3.2. High Availability
HDFS is a highly available file system, data gets replicated among the nodes in the HDFS cluster by creating replica of the blocks on the other slaves present in HDFS cluster. Hence whenever a user wants to access his data, they can access their data from the slaves which contains its blocks and which is available on the nearest node in the cluster. And during unfavourable situations like failure of a node, user can easily access their data from the other nodes. Because duplicate copies of blocks which contain user data are created on the other nodes present in the HDFS cluster. To learn more about high availability follow this Guide .
3.3. Data Reliability
HDFS is a distributed file system which provides reliable data storage. HDFS can store data in the range of 100s of petabytes. It stores data reliably on cluster of nodes. HDFS divides the data into blocks and these blocks are stored on nodes present in HDFS cluster. It stores data reliably by creating replica of each and every block present on the nodes present in the cluster and hence provides fault tolerance facility. If node containing data goes down, then user can easily access that data from the other nodes which contains copy of same data in the HDFS cluster.
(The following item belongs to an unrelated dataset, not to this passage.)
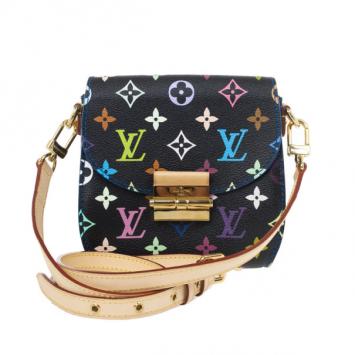 Louis Vuitton Multicolore Monogram 'Heartbreaker' Clutch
HDFS by default creates 3 copies of blocks containing data present in the nodes in HDFS cluster. Hence data is quickly available to the users and hence user does not face the problem of data loss. Hence HDFS is highly reliable.
Data Replication is most important and unique feature of HDFS. In HDFS replication of data is done to solve the problem of data loss in unfavorable conditions like crashing of a node, hardware failure, and so on. As data is replicated across a number of machines in the cluster by creating blocks. The process of replication is maintained at regular intervals of time by HDFS and HDFS keeps creating replicas of user data on different machines present in the cluster. So whenever any machine in the cluster gets crashed, user can access their data from other machines which contains the blocks of that data. Hence there is no possibility of losing of user data. Follow this guide to learn more about the data read operation .
As HDFS stores data on multiple nodes in the cluster, when requirements increase we can scale the cluster. There are two scalability mechanism available: Vertical scalability – add more resources (CPU, Memory, Disk) on the existing nodes of the cluster. Another way is horizontal scalability – Add more machines in the cluster. Horizontal way is preferred as we can scale the cluster from 10s of nodes to 100s of nodes on the fly without any down-time.
3.6. Distributed Storage
In HDFS all the features are achieved via distributed storage and replication. In HDFS data is stored in distributed manner across the nodes in HDFS cluster. In HDFS data is divided into blocks and is stored on the nodes present in HDFS cluster. And then replicas of each and every block are created and stored on other nodes present in the cluster. So if a single machine in the cluster gets crashed we can easily access our data from the other nodes which contains its replica.